Preliminary findings indicate that participants in these workshops were satisfied or very satisfied with the workshop format, information, activities and facilitators. To date, 1/3 of academic staff members from the Faculty have participated in at least one workshop and 15% of those participants have attended more than five workshops. Analysis of feedback found that the most valuable aspects of the workshops for participants were: activities, discussions/feedback from peers, support materials and knowledge gains.  These findings were consistent with participants across disciplines, teaching experience and workshop topics.

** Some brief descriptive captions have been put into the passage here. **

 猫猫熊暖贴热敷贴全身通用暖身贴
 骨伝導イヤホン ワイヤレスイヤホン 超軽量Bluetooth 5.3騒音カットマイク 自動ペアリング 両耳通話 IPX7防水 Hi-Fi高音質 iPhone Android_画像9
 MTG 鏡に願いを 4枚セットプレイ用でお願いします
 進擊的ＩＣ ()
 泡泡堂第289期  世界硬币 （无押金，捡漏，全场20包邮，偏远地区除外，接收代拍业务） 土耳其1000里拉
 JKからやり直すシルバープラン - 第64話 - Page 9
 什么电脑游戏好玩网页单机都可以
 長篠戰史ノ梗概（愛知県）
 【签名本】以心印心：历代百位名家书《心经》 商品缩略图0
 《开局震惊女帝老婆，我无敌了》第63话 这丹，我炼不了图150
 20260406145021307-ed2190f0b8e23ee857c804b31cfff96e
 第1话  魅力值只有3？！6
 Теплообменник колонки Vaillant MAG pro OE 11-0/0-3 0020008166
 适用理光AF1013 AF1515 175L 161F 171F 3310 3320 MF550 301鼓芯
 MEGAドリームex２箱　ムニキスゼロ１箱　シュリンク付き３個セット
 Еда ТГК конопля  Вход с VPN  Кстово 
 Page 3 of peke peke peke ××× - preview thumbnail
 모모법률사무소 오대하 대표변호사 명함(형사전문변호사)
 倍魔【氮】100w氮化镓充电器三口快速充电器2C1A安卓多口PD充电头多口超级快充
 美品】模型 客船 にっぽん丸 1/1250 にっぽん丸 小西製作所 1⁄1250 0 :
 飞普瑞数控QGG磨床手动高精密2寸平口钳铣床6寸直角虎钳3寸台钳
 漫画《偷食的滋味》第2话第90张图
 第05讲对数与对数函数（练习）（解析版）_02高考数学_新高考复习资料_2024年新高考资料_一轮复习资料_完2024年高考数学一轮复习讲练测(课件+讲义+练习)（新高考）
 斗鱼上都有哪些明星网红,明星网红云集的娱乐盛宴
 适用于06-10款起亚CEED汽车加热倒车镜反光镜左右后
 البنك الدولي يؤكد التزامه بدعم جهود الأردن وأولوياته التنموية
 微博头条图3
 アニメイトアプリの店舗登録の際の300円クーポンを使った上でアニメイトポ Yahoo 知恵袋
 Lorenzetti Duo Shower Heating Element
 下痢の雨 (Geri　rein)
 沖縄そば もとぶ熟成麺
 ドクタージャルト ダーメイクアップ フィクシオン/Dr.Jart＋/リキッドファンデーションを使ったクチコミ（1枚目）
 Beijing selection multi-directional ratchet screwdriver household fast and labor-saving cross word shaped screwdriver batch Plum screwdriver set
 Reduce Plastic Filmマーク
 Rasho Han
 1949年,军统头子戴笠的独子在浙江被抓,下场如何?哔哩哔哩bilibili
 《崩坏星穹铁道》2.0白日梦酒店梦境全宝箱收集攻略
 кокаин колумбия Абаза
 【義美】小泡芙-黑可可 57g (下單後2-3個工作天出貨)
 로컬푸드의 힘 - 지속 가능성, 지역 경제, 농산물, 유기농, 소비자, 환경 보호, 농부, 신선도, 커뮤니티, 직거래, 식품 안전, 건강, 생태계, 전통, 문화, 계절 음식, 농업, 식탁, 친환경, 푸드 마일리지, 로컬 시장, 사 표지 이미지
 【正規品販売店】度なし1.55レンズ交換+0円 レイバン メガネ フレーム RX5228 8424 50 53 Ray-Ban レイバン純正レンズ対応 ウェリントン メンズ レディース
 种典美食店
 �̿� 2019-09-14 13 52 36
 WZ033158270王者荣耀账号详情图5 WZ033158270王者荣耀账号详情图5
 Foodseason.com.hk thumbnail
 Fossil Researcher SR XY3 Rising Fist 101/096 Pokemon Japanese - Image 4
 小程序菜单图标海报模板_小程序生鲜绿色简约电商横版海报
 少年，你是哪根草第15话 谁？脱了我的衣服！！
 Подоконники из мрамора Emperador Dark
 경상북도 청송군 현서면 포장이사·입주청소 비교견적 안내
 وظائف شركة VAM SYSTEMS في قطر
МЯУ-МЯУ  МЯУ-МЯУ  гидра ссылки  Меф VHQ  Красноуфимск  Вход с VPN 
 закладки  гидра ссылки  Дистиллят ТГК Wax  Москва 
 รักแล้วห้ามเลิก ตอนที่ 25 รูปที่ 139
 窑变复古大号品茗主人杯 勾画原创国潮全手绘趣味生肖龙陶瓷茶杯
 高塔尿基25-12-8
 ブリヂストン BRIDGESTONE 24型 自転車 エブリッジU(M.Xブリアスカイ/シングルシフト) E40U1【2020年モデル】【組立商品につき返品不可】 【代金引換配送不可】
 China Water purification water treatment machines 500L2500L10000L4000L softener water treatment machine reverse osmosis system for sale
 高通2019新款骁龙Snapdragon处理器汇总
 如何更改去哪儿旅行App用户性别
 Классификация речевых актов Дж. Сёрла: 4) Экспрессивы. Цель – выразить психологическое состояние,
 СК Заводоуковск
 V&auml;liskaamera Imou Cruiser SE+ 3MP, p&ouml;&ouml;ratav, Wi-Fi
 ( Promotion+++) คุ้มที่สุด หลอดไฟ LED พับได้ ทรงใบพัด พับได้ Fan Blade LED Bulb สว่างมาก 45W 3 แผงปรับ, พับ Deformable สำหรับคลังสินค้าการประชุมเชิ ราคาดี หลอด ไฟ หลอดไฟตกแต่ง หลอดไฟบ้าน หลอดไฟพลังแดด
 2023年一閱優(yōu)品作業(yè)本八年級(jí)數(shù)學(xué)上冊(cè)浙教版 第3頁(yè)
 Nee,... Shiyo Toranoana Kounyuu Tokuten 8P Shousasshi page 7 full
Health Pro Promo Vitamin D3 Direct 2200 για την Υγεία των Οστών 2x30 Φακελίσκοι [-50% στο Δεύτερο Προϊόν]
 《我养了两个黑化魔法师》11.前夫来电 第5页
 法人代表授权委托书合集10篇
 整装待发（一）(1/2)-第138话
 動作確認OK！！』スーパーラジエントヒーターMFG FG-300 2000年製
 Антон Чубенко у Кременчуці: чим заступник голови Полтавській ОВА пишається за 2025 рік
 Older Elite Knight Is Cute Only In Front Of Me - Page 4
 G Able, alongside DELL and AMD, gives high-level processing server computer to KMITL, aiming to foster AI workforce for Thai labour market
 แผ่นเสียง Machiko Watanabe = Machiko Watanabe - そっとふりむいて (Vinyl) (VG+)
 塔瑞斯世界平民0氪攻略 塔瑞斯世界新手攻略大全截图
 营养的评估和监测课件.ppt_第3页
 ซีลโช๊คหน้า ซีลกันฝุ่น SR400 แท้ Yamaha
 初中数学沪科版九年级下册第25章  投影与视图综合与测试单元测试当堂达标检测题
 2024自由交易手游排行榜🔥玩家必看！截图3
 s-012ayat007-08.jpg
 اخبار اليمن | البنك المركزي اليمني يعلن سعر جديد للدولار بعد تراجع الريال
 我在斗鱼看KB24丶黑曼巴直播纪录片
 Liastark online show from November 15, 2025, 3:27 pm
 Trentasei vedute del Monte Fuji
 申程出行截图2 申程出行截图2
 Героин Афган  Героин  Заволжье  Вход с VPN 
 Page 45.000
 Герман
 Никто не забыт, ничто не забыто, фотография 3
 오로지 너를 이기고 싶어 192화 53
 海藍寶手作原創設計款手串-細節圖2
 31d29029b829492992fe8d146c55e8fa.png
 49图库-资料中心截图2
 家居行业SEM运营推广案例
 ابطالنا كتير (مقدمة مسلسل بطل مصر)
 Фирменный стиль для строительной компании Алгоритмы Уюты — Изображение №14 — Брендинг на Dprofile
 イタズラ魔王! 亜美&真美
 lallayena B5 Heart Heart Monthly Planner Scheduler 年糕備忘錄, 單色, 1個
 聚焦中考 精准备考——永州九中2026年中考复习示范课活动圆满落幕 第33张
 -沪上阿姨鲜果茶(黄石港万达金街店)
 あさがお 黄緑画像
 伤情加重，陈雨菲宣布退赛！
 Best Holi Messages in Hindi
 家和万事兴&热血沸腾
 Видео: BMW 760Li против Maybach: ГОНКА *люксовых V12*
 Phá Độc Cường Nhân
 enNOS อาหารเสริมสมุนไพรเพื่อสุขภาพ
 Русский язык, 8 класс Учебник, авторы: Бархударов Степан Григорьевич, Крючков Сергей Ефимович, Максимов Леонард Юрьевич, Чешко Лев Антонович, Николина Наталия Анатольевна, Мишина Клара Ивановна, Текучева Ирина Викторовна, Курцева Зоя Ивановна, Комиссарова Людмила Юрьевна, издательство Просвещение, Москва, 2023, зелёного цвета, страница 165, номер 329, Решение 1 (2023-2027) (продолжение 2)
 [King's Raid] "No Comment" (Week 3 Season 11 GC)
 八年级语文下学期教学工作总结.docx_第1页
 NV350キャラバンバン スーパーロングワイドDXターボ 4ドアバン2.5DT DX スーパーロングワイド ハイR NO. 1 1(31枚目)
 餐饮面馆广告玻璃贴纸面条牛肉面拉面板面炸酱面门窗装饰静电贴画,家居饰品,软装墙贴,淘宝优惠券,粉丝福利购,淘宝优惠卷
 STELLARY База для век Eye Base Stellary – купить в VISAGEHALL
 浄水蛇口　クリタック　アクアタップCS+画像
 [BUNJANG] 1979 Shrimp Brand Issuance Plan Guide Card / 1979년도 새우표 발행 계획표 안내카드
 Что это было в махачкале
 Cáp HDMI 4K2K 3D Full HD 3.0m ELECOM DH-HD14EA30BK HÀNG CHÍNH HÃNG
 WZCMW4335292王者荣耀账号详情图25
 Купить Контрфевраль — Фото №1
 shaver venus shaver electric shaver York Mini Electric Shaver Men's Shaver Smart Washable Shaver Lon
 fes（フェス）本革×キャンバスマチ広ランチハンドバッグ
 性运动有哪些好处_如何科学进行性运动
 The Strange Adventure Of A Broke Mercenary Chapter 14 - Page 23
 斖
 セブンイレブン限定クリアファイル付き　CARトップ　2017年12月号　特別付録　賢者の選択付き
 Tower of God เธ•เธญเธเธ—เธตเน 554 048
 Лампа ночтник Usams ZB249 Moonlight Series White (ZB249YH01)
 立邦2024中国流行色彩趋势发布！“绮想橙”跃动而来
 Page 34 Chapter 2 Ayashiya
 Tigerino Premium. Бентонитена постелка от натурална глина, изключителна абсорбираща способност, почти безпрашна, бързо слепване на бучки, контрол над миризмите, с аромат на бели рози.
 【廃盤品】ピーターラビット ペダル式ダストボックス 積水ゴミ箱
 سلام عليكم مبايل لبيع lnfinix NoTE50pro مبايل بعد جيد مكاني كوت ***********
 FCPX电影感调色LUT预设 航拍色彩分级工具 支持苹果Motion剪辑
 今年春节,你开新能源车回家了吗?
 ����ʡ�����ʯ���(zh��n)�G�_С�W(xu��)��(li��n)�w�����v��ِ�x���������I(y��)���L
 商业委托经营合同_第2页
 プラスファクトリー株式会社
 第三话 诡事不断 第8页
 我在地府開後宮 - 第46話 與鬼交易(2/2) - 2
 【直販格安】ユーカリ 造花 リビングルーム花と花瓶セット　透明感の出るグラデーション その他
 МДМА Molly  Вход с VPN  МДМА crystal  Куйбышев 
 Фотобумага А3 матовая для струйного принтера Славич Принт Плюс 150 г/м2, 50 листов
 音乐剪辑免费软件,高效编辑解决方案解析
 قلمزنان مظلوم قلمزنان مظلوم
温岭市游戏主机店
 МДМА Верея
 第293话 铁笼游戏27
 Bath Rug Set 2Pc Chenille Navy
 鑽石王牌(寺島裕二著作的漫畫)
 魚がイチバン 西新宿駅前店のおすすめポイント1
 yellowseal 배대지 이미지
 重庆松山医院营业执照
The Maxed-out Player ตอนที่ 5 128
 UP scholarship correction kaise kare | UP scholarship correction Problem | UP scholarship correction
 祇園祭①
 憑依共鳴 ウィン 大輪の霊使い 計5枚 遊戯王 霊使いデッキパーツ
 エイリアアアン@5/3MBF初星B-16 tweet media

The most commonly reported suggestions for improvement by participants were: more time, more examples and more structure to the learning group activities.

Next steps are to determine the extent to which participants transfer knowledge and skills learned in the workshops to their teaching practices and whether participants are enhancing or practicing reflective teaching. We also want to explore ways to transform the learning groups formed in the workshops to learning communities outside of the workshops where participants can receive additional support and follow-up on ideas they developed within the workshops.